8 Ways To Extend The Lives Of Electronics (And Why They Work)

8 Ways To Extend The Lives Of Electronics (And Why They Work)

In a recession, it's a little harder to give up on a printer cartridge. You know what it's going to cost when you make your way back to Office Max, and really you just need to squeeze one little page out of it.

The New York Times offers eight solutions to extending the lives of such things, and therefore keeping them out of the garbage for just a little longer:

If your printer's ink cartridge runs dry near the end of an important print job, remove the cartridge and run a hair dryer on it for two to three minutes. Then place the cartridge back into the printer and try again while it is still warm.

"The heat from the hair dryer heats the thick ink, and helps it to flow through the tiny nozzles in the cartridge," says Alex Cox, a software engineer in Seattle. "When the cartridge is almost dead, those nozzles are often nearly clogged with dried ink, so helping the ink to flow will let more ink out of the nozzles." The hair dryer trick can squeeze a few more pages out of a cartridge after the printer declares it is empty.

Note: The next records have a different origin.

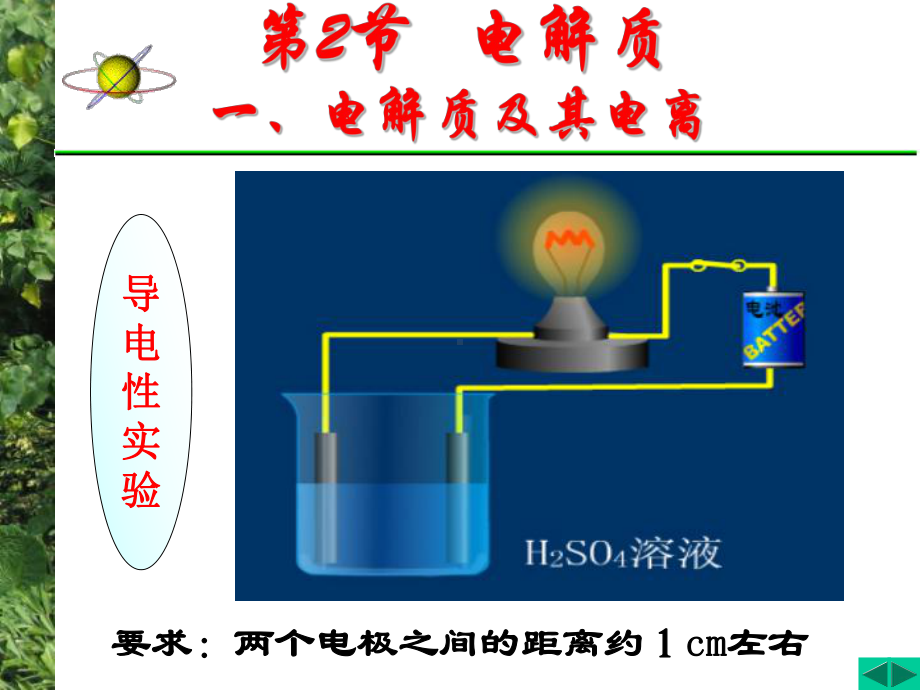 电解质1-人教课标版课件.ppt_第3页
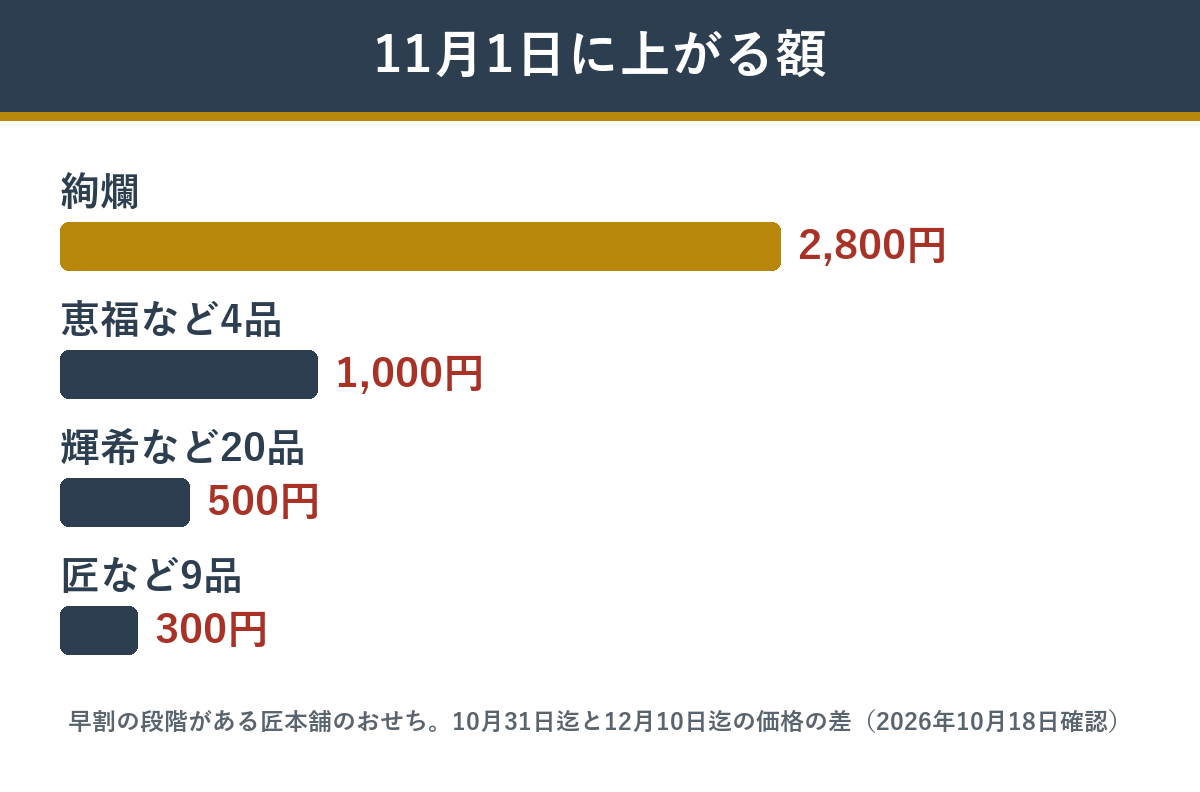 匠本舗のおせちが11月1日に上がる額 絢爛と他の商品の比較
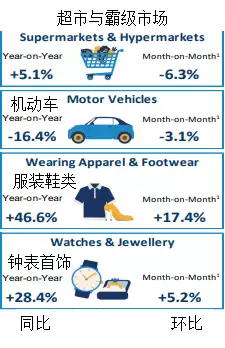 防疫松绑，新加坡连续两个月出现“报复性消费”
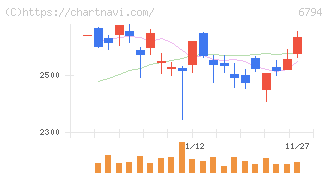 フォスター電機(6794)の日足チャート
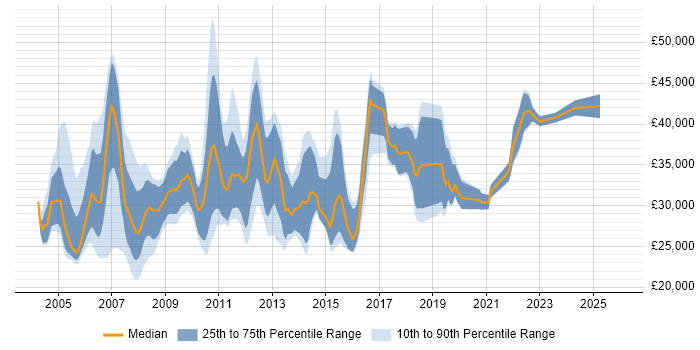 Salary distribution trend for Junior Financial Analyst job vacancies in the UK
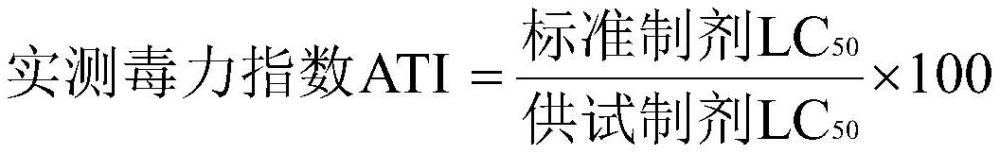 一種含有甲氧蟲酰肼的殺蟲組合物的制作方法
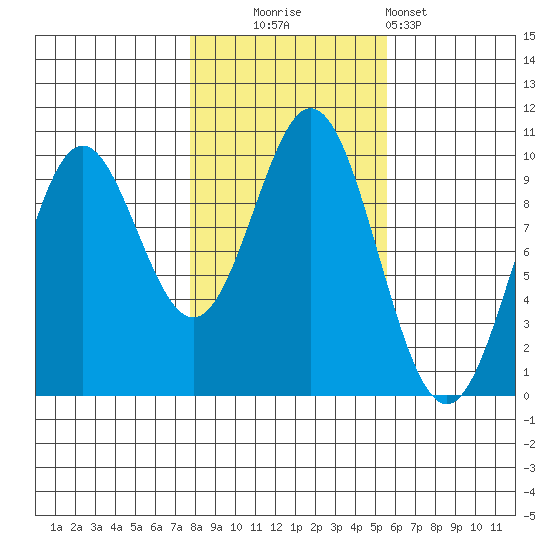 Point St. Albans tide chart for Thursday, October 23, 2025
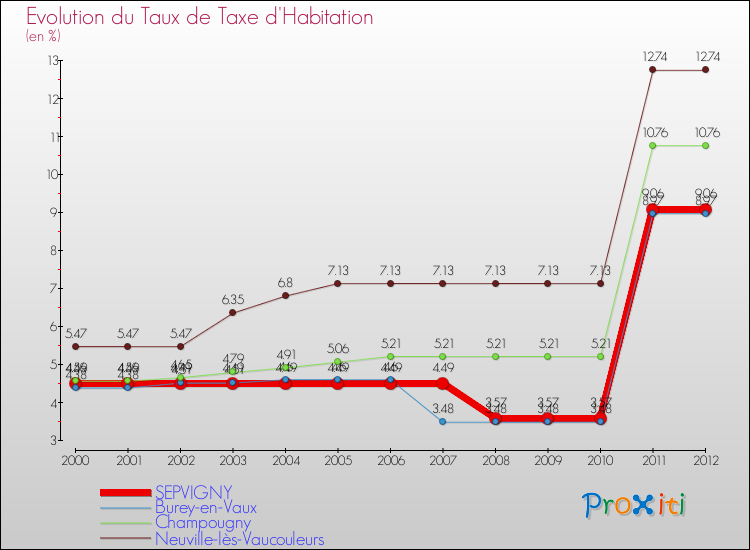 Evolution du taux de la taxe d'habitation pour SEPVIGNY et les communes proches Comparaison des taux de la taxe d'habitation pour SEPVIGNY et les communes voisines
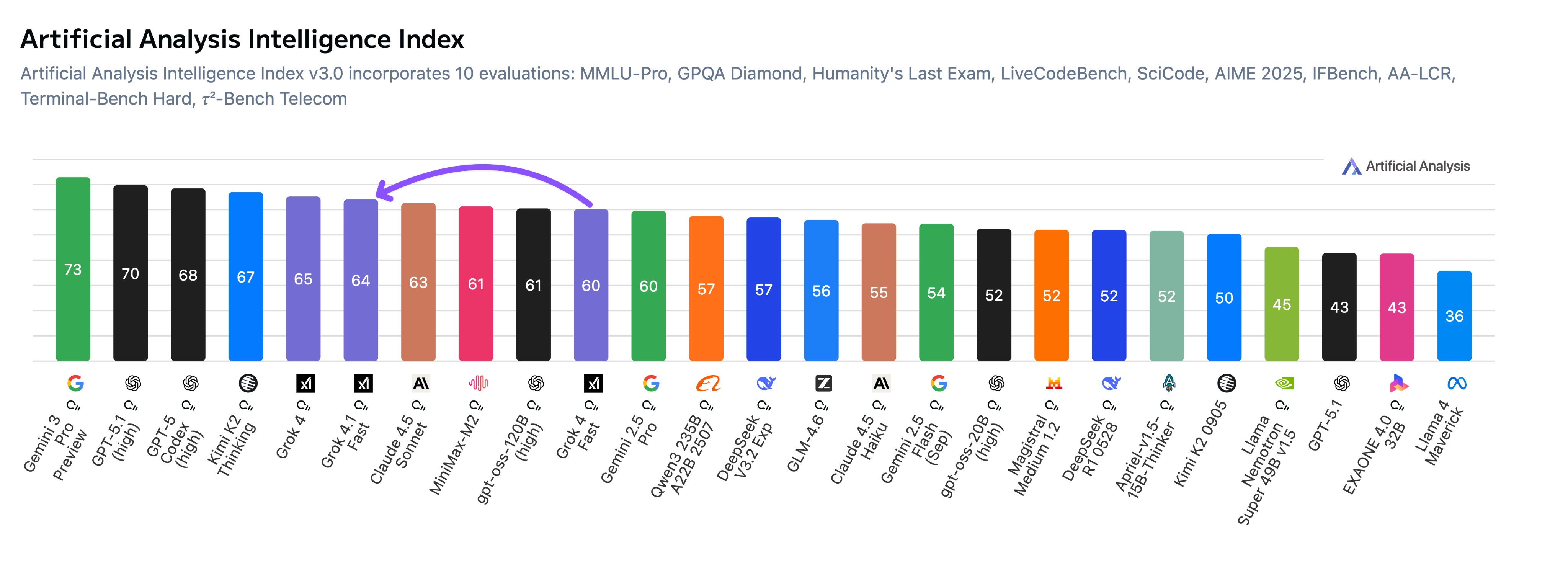 低成本叫板GPT-5.1！马斯克杀入智能体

They've even got tips for saving phones dropped in toilets and something to try if your hard drive crashes.

Mark Ontkush of Treehugger found some extra significance in the tips -- if the New York Times is looking for ways to save electronics from going into the trash, maybe the silver lining to the recession really is that people will find ways to reduce waste throughout their lives:

Ah! Nothing smells like shift more than tips from the New York Times on how to fix your high-tech junk using low-tech solutions. Far from a downer, there's satisfaction to be had here: who hasn't had that gentle internal smile when their hand-slam stopped that crazy 'puterized whirring sound? In today's world, re-pair and fix-it is the name of the game - it's time to reestablish who boss-man is.